Next, add garlic, carrots and banana blossom to the Dutch oven; sauté for another 6-7 minutes.
While the indoor vegetables are cooking, pre-heat grill on high. Add poblano & bell pepper directly onto grates and grill 2 minutes each side until both looks slightly charred / blistered. Remove from heat and bring inside; set aside to cool slightly.
Add all seasonings (hot sauce through cayenne pepper) to the vegetables in the Dutch oven, and stir until fragrant (~1 minute).
Now, add stock to deglaze the pan, stirring to scrape up all the browned bits in the bottom. Now add the fire-roasted tomatoes and bring the mixture to a boil.

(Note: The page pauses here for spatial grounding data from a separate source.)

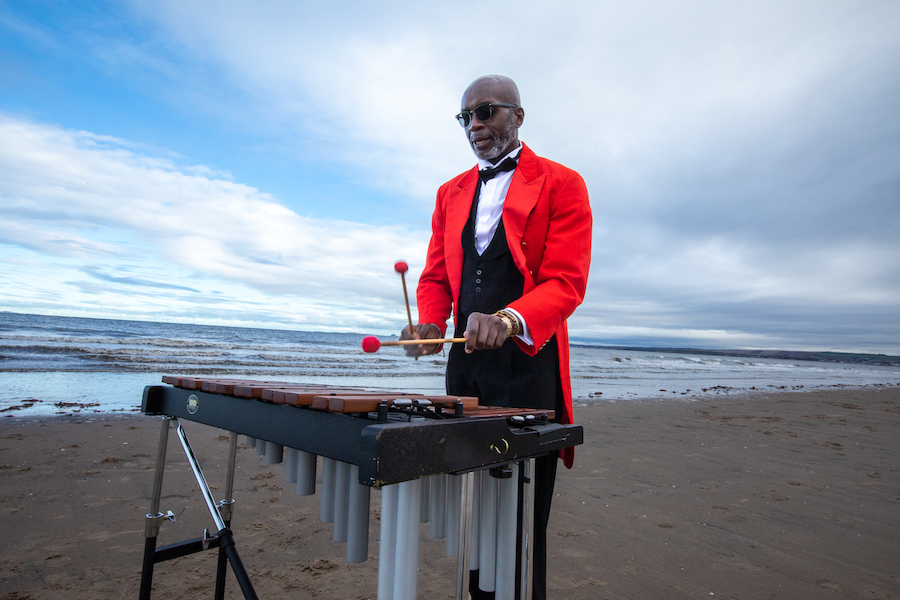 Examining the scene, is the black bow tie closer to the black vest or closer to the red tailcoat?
the red tailcoat

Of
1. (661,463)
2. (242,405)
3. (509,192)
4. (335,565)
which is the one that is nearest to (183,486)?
(335,565)

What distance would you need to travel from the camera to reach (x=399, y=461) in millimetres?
1011

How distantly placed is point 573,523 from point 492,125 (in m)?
3.21

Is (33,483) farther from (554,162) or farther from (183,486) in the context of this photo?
(554,162)

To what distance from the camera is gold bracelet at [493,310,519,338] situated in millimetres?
1485

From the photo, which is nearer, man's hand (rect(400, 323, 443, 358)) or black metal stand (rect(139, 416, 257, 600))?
man's hand (rect(400, 323, 443, 358))

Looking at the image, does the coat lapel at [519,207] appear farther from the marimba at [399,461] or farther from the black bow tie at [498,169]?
the marimba at [399,461]

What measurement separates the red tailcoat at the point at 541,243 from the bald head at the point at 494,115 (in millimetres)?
104

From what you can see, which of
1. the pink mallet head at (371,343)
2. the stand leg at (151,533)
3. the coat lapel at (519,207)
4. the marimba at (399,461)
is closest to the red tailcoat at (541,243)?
the coat lapel at (519,207)

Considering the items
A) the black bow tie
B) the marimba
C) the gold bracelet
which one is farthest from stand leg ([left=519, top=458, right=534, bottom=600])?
the black bow tie

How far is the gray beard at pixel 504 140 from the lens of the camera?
194 cm

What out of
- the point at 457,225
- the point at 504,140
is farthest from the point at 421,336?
the point at 504,140

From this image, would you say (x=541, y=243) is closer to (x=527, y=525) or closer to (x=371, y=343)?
(x=371, y=343)

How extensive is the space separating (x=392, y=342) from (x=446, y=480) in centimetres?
57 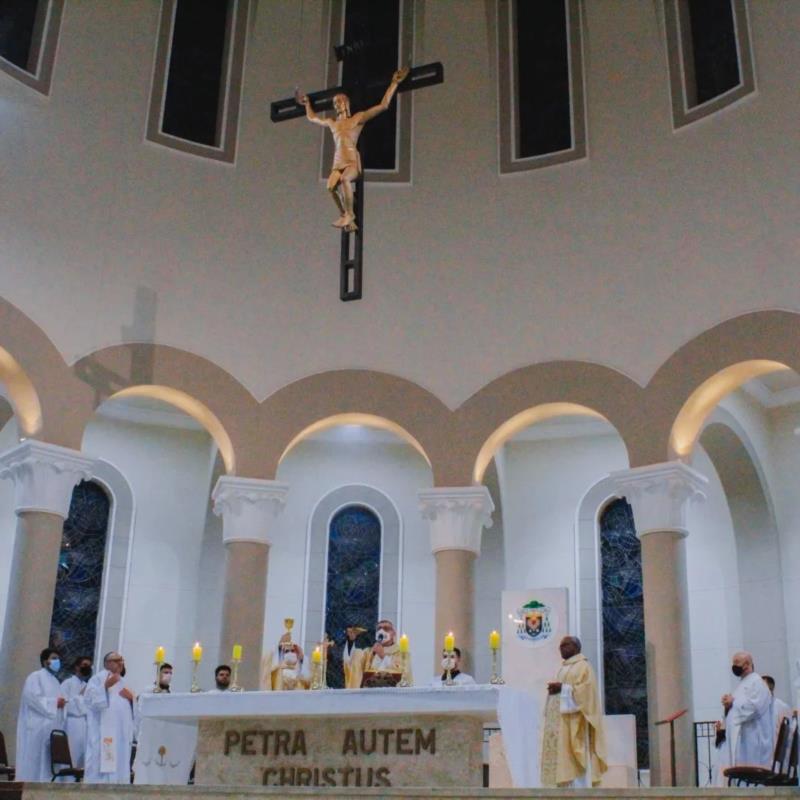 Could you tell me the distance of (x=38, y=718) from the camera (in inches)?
482

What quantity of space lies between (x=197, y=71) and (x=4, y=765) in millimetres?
9365

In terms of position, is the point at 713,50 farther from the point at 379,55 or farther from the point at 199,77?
the point at 199,77

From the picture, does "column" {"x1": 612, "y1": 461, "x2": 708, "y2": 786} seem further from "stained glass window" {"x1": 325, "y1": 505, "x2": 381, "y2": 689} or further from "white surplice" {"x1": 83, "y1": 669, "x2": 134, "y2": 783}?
"white surplice" {"x1": 83, "y1": 669, "x2": 134, "y2": 783}

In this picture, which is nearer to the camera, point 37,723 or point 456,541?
point 37,723

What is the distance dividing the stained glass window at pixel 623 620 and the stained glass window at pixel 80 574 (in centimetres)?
734

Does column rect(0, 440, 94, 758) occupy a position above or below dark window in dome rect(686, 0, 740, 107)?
below

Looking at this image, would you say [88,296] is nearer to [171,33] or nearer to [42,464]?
[42,464]

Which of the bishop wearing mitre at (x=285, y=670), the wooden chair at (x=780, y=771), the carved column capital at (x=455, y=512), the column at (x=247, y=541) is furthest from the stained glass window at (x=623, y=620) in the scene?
the bishop wearing mitre at (x=285, y=670)

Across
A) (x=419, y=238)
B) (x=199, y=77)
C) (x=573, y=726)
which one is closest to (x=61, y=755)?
(x=573, y=726)

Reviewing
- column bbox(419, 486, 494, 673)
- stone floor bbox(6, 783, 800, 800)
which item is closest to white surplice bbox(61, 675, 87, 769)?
stone floor bbox(6, 783, 800, 800)

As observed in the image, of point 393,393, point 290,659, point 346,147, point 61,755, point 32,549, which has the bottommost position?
point 61,755

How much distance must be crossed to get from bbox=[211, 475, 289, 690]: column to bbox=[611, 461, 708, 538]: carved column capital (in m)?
4.29

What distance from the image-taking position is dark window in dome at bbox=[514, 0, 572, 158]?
52.6ft

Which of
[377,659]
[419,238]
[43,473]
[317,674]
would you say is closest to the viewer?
[317,674] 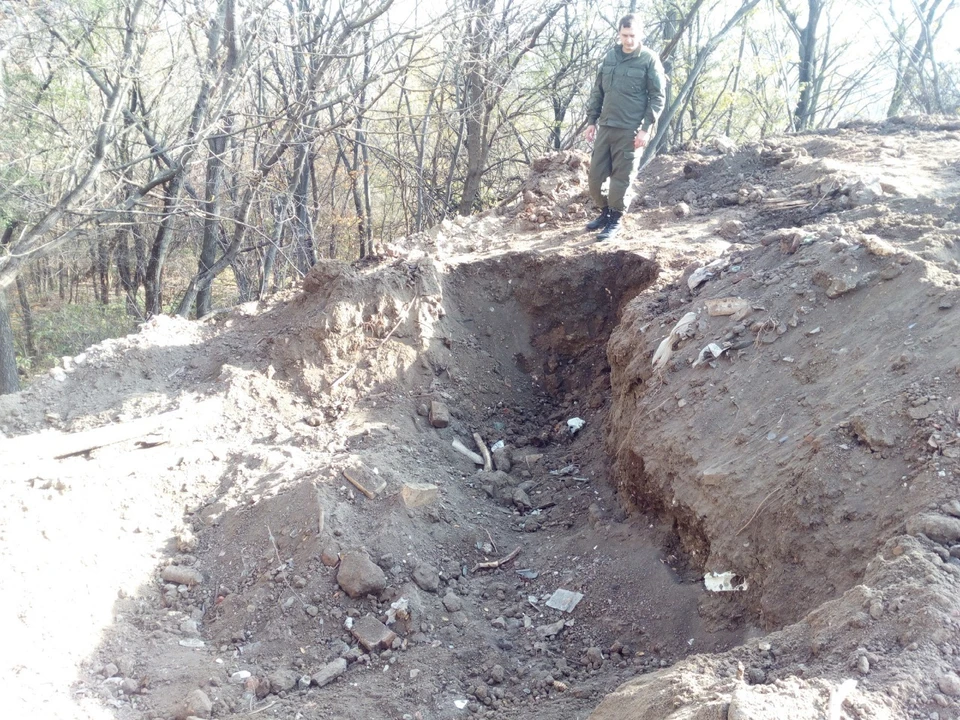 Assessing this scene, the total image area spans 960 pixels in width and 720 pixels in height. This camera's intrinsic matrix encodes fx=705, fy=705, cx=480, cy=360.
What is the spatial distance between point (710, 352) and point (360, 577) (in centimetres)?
241

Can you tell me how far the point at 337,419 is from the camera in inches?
203

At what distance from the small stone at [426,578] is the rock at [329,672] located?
1.93ft

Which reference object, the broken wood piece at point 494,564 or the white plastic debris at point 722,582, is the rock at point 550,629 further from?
the white plastic debris at point 722,582

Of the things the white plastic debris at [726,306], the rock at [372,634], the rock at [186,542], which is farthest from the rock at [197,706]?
the white plastic debris at [726,306]

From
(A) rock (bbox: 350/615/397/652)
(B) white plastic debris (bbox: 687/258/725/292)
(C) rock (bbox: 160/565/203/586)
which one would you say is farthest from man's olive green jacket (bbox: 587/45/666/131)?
(C) rock (bbox: 160/565/203/586)

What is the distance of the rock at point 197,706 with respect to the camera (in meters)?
3.13

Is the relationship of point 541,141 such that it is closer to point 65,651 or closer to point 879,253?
point 879,253

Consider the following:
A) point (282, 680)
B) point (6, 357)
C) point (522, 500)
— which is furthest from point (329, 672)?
point (6, 357)

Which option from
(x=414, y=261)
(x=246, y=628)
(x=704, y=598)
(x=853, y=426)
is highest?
(x=414, y=261)

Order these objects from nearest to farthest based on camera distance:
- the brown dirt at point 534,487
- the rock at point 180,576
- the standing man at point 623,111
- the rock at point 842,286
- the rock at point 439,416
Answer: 1. the brown dirt at point 534,487
2. the rock at point 180,576
3. the rock at point 842,286
4. the rock at point 439,416
5. the standing man at point 623,111

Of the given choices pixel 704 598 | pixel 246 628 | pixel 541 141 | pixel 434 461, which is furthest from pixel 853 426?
pixel 541 141

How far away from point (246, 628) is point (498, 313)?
133 inches

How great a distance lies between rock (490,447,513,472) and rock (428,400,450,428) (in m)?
0.42

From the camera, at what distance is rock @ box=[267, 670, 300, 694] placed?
3.34m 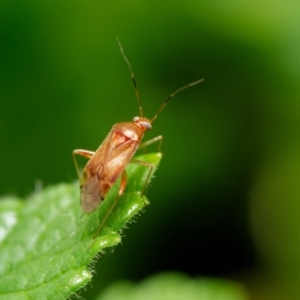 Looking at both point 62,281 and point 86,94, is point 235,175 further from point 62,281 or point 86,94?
point 62,281

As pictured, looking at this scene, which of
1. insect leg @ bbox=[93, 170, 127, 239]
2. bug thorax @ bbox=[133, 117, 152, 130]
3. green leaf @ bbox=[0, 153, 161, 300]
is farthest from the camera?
bug thorax @ bbox=[133, 117, 152, 130]

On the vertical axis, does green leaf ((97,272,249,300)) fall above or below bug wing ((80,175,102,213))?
below

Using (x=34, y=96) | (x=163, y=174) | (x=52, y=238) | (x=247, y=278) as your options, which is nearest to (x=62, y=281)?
(x=52, y=238)

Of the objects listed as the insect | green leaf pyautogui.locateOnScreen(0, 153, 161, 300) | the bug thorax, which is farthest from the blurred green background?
the insect

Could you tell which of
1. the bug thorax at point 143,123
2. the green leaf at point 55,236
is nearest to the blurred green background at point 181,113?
the green leaf at point 55,236

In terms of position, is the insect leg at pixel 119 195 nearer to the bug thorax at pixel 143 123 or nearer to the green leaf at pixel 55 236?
the green leaf at pixel 55 236

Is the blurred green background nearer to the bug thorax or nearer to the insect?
the bug thorax

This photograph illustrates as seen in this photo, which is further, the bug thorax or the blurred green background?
the blurred green background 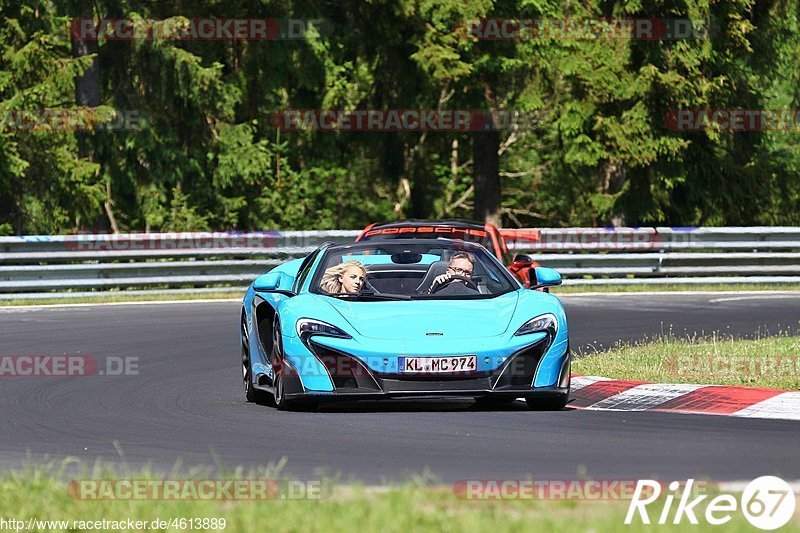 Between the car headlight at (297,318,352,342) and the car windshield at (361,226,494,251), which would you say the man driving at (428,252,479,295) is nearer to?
the car headlight at (297,318,352,342)

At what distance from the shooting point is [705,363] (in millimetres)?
13711

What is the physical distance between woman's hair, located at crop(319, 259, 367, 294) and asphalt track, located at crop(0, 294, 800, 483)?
0.88 meters

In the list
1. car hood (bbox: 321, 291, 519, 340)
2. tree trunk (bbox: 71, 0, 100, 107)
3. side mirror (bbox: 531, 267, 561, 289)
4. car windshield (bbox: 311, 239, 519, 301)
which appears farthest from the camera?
tree trunk (bbox: 71, 0, 100, 107)

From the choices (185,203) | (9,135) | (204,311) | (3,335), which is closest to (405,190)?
(185,203)

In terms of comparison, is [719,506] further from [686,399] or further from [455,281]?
[455,281]

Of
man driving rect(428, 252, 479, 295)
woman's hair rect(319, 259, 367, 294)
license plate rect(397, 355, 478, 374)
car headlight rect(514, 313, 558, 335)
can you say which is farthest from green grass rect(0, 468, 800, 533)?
man driving rect(428, 252, 479, 295)

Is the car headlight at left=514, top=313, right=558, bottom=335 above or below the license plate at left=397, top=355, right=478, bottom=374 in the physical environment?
above

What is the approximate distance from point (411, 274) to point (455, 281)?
3.23 ft

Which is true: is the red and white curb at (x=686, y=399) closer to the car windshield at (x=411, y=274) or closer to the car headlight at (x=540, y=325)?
the car headlight at (x=540, y=325)

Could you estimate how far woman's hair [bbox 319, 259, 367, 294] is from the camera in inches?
461

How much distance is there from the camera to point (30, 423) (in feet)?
35.3

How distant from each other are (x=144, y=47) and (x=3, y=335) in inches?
656

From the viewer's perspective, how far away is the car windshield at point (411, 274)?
1172 cm

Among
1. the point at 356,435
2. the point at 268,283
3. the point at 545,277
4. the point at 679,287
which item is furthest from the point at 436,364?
the point at 679,287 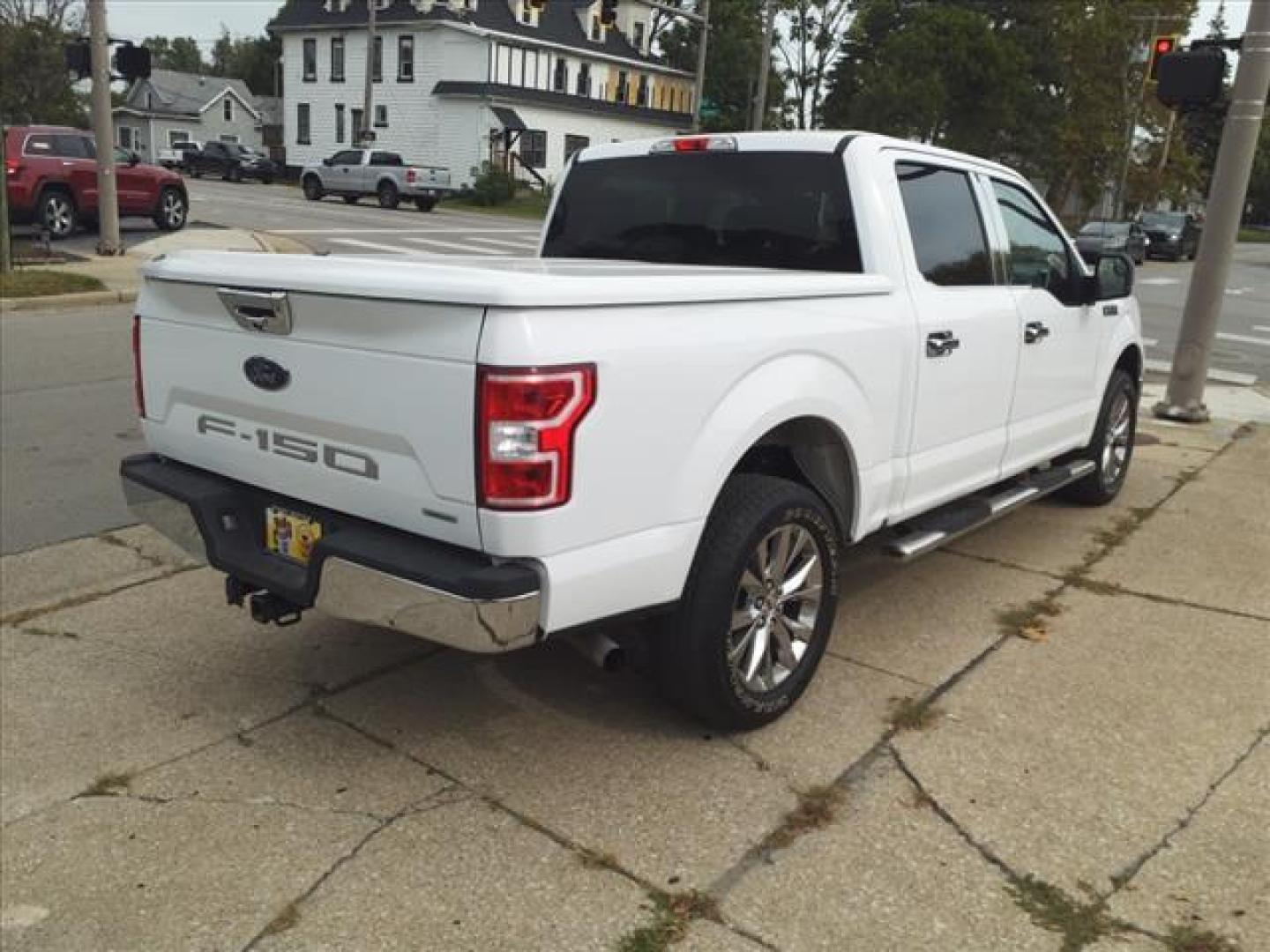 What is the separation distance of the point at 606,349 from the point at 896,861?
1528mm

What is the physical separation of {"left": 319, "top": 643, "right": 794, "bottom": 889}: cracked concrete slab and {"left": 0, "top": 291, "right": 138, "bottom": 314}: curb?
1053cm

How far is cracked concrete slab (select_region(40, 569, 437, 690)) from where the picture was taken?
423 cm

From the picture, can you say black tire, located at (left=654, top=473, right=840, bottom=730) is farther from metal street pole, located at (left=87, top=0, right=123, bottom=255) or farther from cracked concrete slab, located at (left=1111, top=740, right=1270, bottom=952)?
metal street pole, located at (left=87, top=0, right=123, bottom=255)

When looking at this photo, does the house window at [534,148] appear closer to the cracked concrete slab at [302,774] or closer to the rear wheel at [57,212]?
the rear wheel at [57,212]

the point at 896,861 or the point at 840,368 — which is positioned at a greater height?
the point at 840,368

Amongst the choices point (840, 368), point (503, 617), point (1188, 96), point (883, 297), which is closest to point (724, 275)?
point (840, 368)

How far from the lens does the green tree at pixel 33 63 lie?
4838 centimetres

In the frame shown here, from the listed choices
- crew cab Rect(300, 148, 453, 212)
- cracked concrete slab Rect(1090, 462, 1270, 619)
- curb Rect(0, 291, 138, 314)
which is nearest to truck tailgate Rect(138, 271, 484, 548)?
cracked concrete slab Rect(1090, 462, 1270, 619)

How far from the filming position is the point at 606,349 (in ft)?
9.49

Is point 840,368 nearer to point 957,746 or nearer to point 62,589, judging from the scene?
point 957,746

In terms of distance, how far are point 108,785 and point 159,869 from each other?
53cm

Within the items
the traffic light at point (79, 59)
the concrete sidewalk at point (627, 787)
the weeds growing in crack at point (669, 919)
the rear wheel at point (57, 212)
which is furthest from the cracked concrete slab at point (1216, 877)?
the rear wheel at point (57, 212)

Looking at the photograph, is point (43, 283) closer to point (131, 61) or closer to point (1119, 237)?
point (131, 61)

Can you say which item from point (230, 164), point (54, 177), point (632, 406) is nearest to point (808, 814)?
point (632, 406) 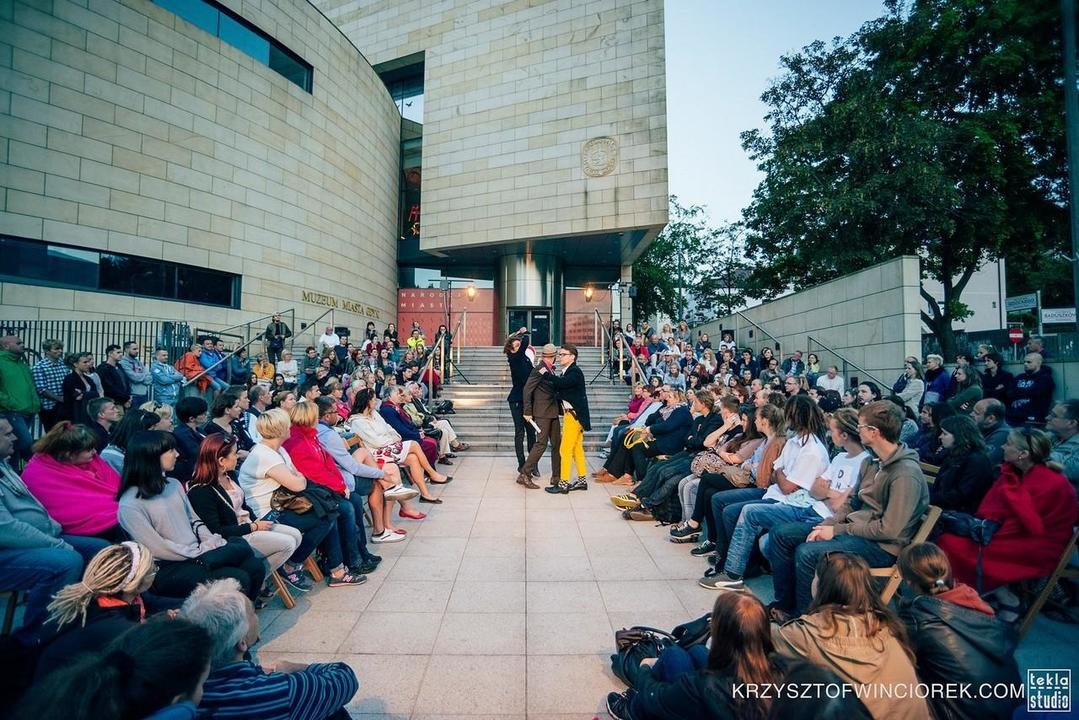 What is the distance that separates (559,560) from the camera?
15.7 feet

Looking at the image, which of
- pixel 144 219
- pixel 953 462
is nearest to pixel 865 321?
pixel 953 462

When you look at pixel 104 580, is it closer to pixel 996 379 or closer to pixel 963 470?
pixel 963 470

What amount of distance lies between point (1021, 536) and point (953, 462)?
0.71m

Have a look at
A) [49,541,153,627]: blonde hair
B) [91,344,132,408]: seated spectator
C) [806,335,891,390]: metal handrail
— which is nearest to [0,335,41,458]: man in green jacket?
[91,344,132,408]: seated spectator

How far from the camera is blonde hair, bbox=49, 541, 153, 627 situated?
6.77 feet

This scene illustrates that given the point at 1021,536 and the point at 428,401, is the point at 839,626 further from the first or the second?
the point at 428,401

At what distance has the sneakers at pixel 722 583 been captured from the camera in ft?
A: 13.5

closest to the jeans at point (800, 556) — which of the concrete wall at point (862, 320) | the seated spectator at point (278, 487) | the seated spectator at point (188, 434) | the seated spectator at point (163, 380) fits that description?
the seated spectator at point (278, 487)

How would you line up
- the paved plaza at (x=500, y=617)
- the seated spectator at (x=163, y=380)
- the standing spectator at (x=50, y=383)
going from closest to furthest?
the paved plaza at (x=500, y=617), the standing spectator at (x=50, y=383), the seated spectator at (x=163, y=380)

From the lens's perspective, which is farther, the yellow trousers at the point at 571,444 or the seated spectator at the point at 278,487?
the yellow trousers at the point at 571,444

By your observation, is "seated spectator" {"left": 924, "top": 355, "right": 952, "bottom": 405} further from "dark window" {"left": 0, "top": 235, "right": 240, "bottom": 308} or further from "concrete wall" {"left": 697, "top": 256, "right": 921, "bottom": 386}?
"dark window" {"left": 0, "top": 235, "right": 240, "bottom": 308}

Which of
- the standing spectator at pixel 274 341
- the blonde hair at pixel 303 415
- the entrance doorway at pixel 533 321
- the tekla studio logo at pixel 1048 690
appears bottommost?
the tekla studio logo at pixel 1048 690

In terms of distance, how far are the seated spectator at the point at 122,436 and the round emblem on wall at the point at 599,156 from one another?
18.5 metres

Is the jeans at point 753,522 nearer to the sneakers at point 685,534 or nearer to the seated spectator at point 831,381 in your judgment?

While you are waiting for the soup to come to a boil, de-stem & de-seed the bell pepper and poblanos. Chop and add to the soup.
Once the soup comes up to a boil, add the crushed tortilla chips and 1 lime (juiced); reduce heat, cover and simmer ~8 minutes.
Remove soup from heat and stir in lime zest, other lime, and cilantro.
Serve soup ladled into bowls with extra cilantro and lime wedges. I hope you enjoy this recipe as much as we did (even on a hot night). The soup enhances as the flavors marinate and will make lovely lunches for the week as well; enjoy!